The battle lines for the fall elections in Wisconsin started earlier this year, like most wars, as a muddle, but are becoming more defined as the skirmishes for the Democratic Party primary flush out candidate positions or non-positions.
Just as the Republicans ran an all-out, one-note, anti-Obama campaign in 2016, the Democrats in Wisconsin are running what is shaping up this hot summer as a largely anti-Scott Walker campaign. The Dems have been more reactive than proactive.
It doesn’t take much imagination to run again someone else’s agenda, but at least it creates a clear choice for voters in one of most purple of states, split right down the middle between Republicans and Democrats.
To understand the state’s bipolar politics, look at our two U.S. Senators. Republican Ron Johnson is one of the most conservative in the Senate, and Democrat Tammy Baldwin, is one of the most liberal. Both do head fakes towards the middle, looking for support from independents, but that’s not where they live.
The eight Democrats running for the gold ring in the Aug. 14 primary to decide who takes on two-term Gov. Walker are hitting many of the same notes on the campaign trail. The octet is singing in harmony by promising to reverse the Act 10 restrictions on public employee unions, to undo the $4 billion deal with Foxconn, to pump more money into education than Walker and to increase subsidies in one form or another for health care.

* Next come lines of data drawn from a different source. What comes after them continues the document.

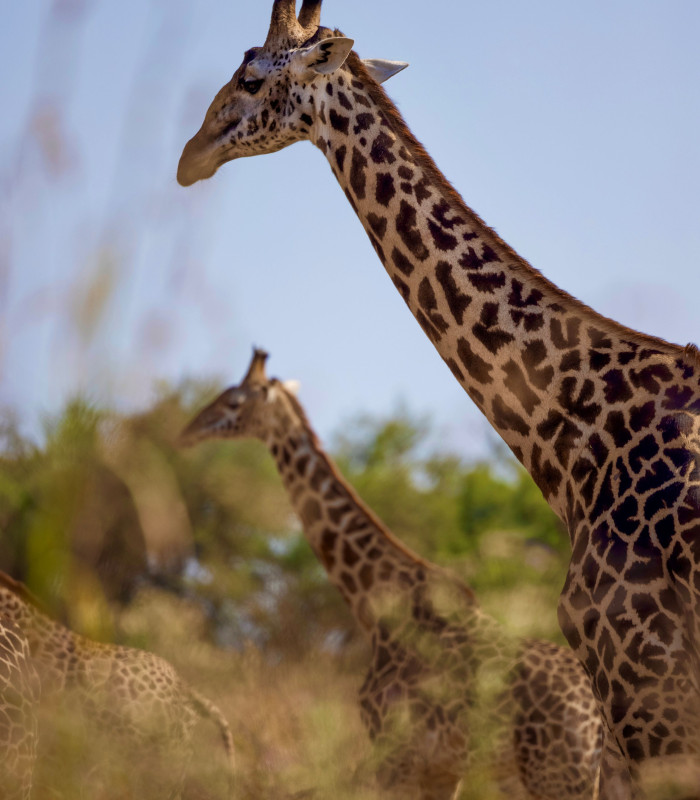 Luksus-safari Zambia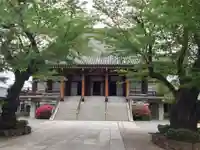 伝通院の本殿・本堂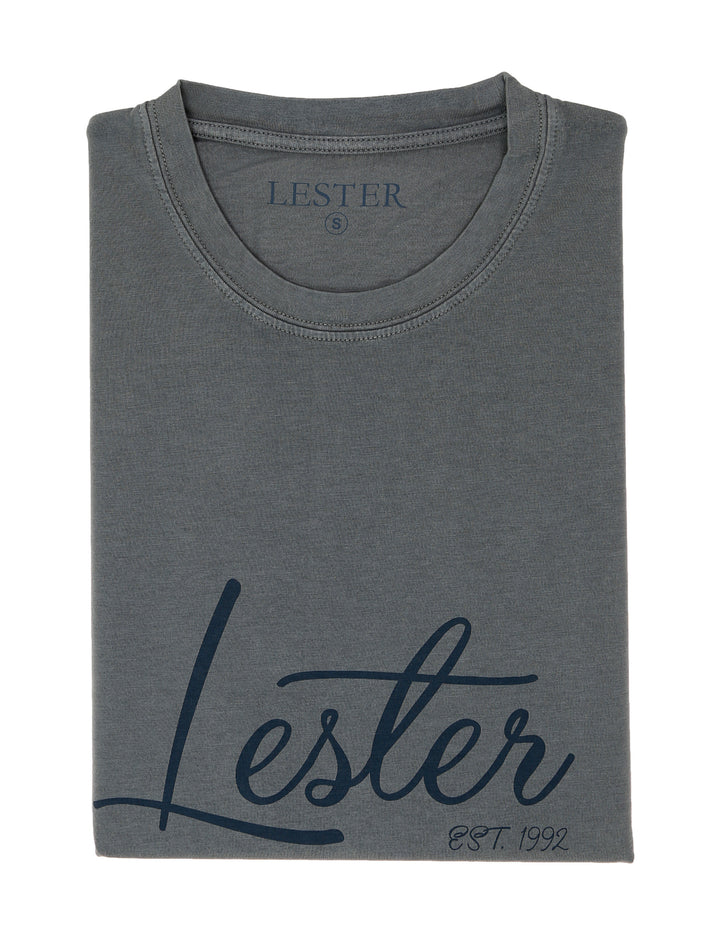 Camiseta lavada lester Gris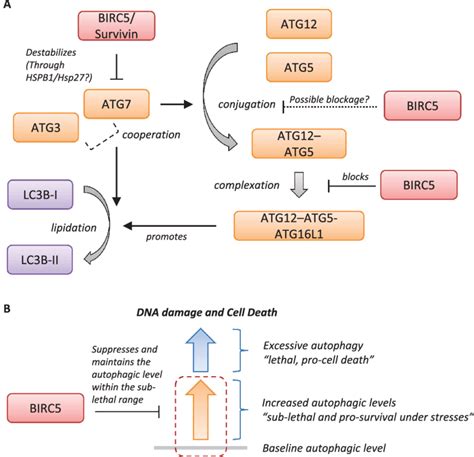 Schematic Diagram Showing The Autophagy Negative Modulating Functions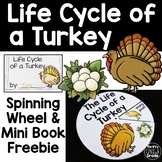 Life Cycle of a Turkey Freebie Thanksgiving Freebie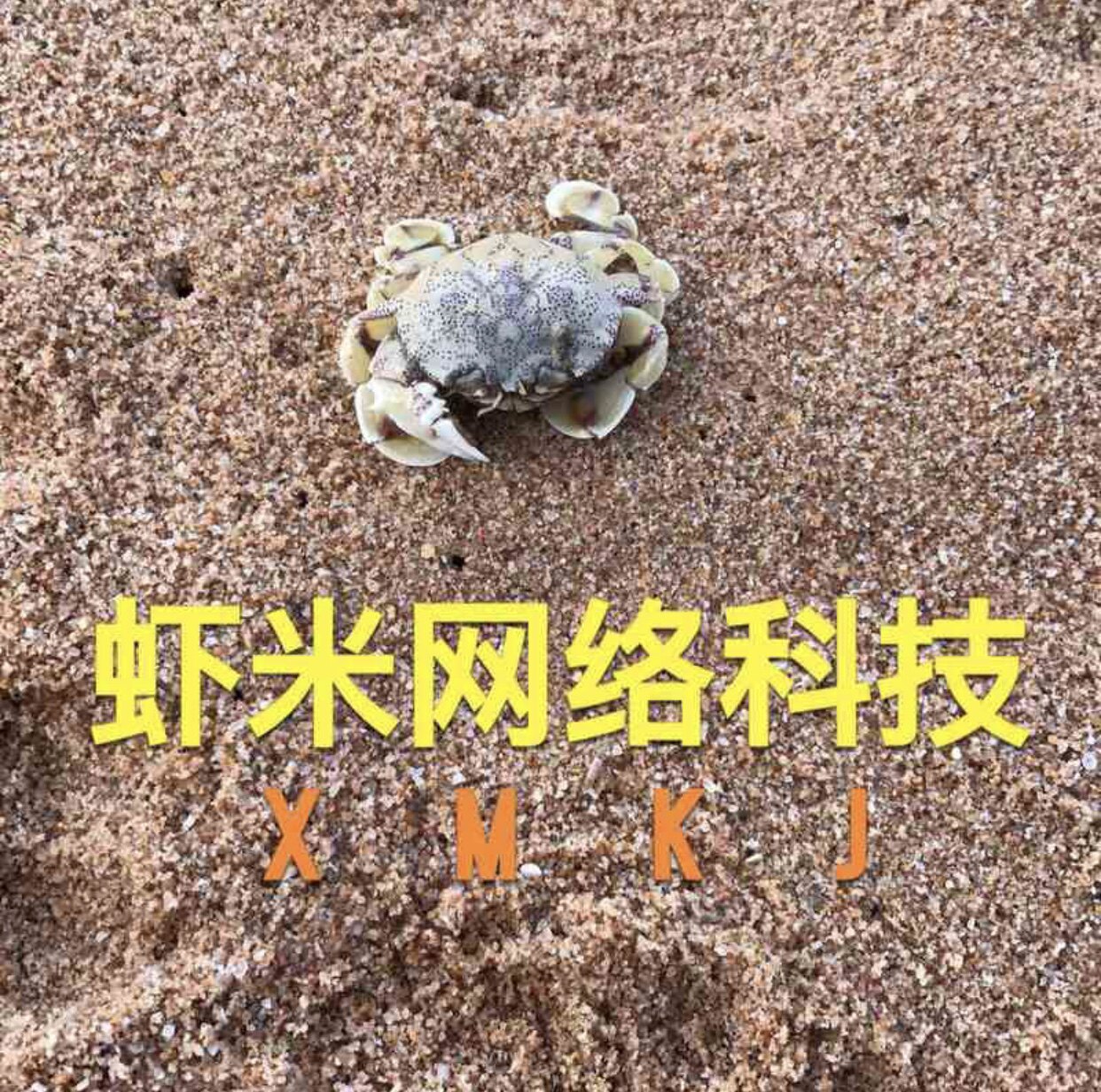 虾米科技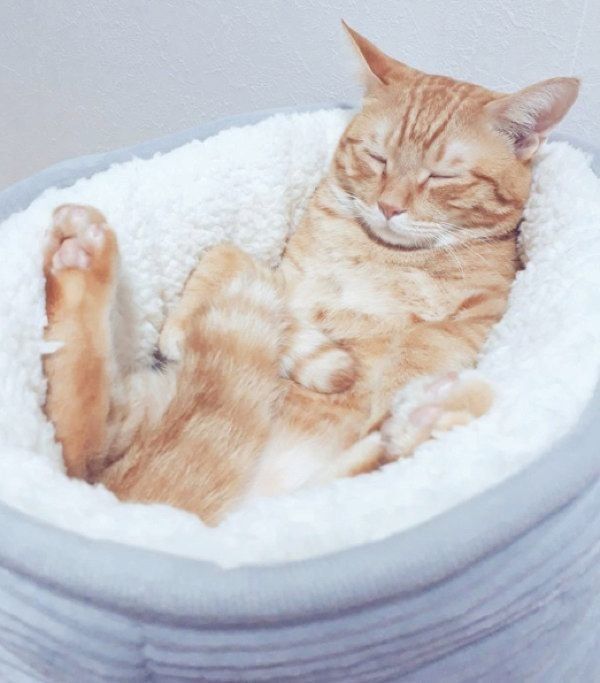 猫ベッドでくつろぐ茶トラ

The Foxconn opposition is based on polls that show the massive Racine project is unpopular up state. But politically astute Foxconn is spreading a few dollars on old downtown buildings for innovation centers in Milwaukee, Green Bay and Eau Claire. These a hundred dollar chips in a billion dollar poker game.
No one really knows how the Walker-Foxconn bet will play out. The subsidies are more than $300,000 per job created, way more than any previous inducements. But the Democrats, who seldom come off as pro growth, cannot say it isn’t a bold play.
One the governor’s side, he is pretty much sticking to his track record. He will talk endlessly about the state’s low unemployment rate of 2.8%, knowing full well that all governors have less to do with job trends in the short run than do national trends. The Democrats say he could have done better, that the state’s job growth rate still lags the nation. The latter is true.
They will have a tough time, though, with that argument when there are more jobs that people to fill them and when wages are finally moving upward. In reality, the worker shortage has become a constraint on economic growth.
None of the candidates have addressed the brain drain from the state, which moderated last year but has been running are some 10,000 college graduates per year.
Both parties are fully behind workforce training. It’s necessary, safe ground, but not a party differentiator.
Several of the Democrats have proposed free education at the technical college and two-year community college level. That’s unique, but has lacked a fiscal note – how it gets paid for.
Both parties are ducking major issues. The Democrats have been silent on how to increase economic strategy, always showing a certain antipathy for the corporations that make the economy go round.
Neither party has shown much leadership on stimulating the startup economy, despite the recent learning that entrepreneurs reinvent the economy and create most of the new jobs.
Both parties are paying needed attention to the opioid crisis.
The GOP has developed a blind spot on the environment. The want fewer regulations on development, but look past the enormous challenges to the Great Lakes, like the dead zone in Green Bay, the mussel invasion that came through the St. Lawrence Seaway and wreaks havoc on the fishery and the Asian Carp that will soon be ripping up the five lakes.
The Democrats worry about access to health care and want to make it free. The Republicans worry about the high taxes to pay for care. Neither has a clue about managing the costs that are driving prices of care to obscene levels.
Gov. Walker has chosen the debt route to fund highway construction. The Democrats want to raise taxes to fund the big highway costs.
All in, there are enough differences for voters to make a choice. It would be even easier of the parties would take on all the tough issues.
Of course, the wild card in all of the above is the Trump factor. The president’s minority base adores him. His opponents don’t oppose him; the despise him. Above all, he is divisive. Voters in the middle are still trying to figure out just what he is.
How his impact plays out this fall in Wisconsin, a state he carried in 2016, is anyone’s guess.